A short man all in white, tee-shirt, apron, and trousers, not to mention flour coating the thick hair on his arms, followed the distraught girl into the tea room. “Sorry, luv! I truly am. It’s just they’ve already given up two to bloody Stoke, and it’s not even a half hour in! I hope I haven’t scalded you. Let me see your hands… they don’t look too bad. Keep the towel wrapped around them. Damn, I’ve made a right mess of that pretty shirt, haven’t I? I’m so sorry, don’t know why I can’t control myself. Here let me help.”
Producing a rag from his back pocket, he began dabbing at the stain, adding patches of white to the already spreading tea stain. To make matters worse, he had chosen to work from the top down, failing to consider the anatomical consequences. The girl shrieked in horror, fended him off with flailing arms, then fled into the loo, her tears streaming freely.
“Henry!” His wife stood hands on hips glaring at him. The mans lips worked, but his brain couldn’t deliver a suitable excuse. Finally he bowed his head abjectly. “Sorry, Lizzie.” Turning away, he added, “I’ll be in the kitchen.”
Liz turned towards her lone customer, half amazed she was still there. Surprisingly, Miss Truus’ head was buried in her hands. She appeared to be shaking. Was she in shock? Had the scene been that traumatic for her? As thoughts of potential litigation ran through her head, she rushed over to apologize and help the poor woman, but before she could get more than a half-sentence out, the woman lifted her face, her expression causing Liz to stop in astonishment. Miss Truus was laughing, almost uncontrollably. Hysteria, Liz thought. What else could it be? And here she had always seemed so strong with that calm, dignified air. A thin veneer evidently. Poor thing.
The woman read Liz’s concern, and composed herself, one last snort escaping before she overcame the urge to giggle. “Oh don’t worry dear,” she said. “I’m perfectly fine. I”m only laughing because this is all my fault.”
“Your fault? How could any of this be your fault?”

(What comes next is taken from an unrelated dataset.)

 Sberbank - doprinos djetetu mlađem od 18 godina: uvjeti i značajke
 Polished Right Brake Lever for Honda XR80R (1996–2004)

“Let us just say that I’ve given my husband even more rope to hang himself than you’ve given yours.”
“I’m sure I don’t know what you could mean,” a confused Liz said, shaking her head.
“Never mind for now,” the woman answered with a measure of assurance. “Have Henry show you the back pages tomorrow, and it will all be clear.
Rising from her chair, she put an arm around Liz, turning her towards the loo. “In the meantime, however, let me help clean up your husband’s mess. I’ll deal with mine when he gets back from Stoke.”
Author’s note: There really is a Sugar Junction on Tib Street, although I don’t know if Liz and Henry are the proprietors, and, if so, whether or not Henry is a United supporter. Probably not, as he and the missus are figments of my imagination. I also have no idea whether Truus van Gaal prefers tea or coffee. I just know she’s the only person on the planet who actually wishes Louis was around. Has for almost a decade now. At this point I think the majority of Manchester’s redder half, and hopefully the United board, have joined me in hoping her wish will finally be granted. Something good needs to come of this mess.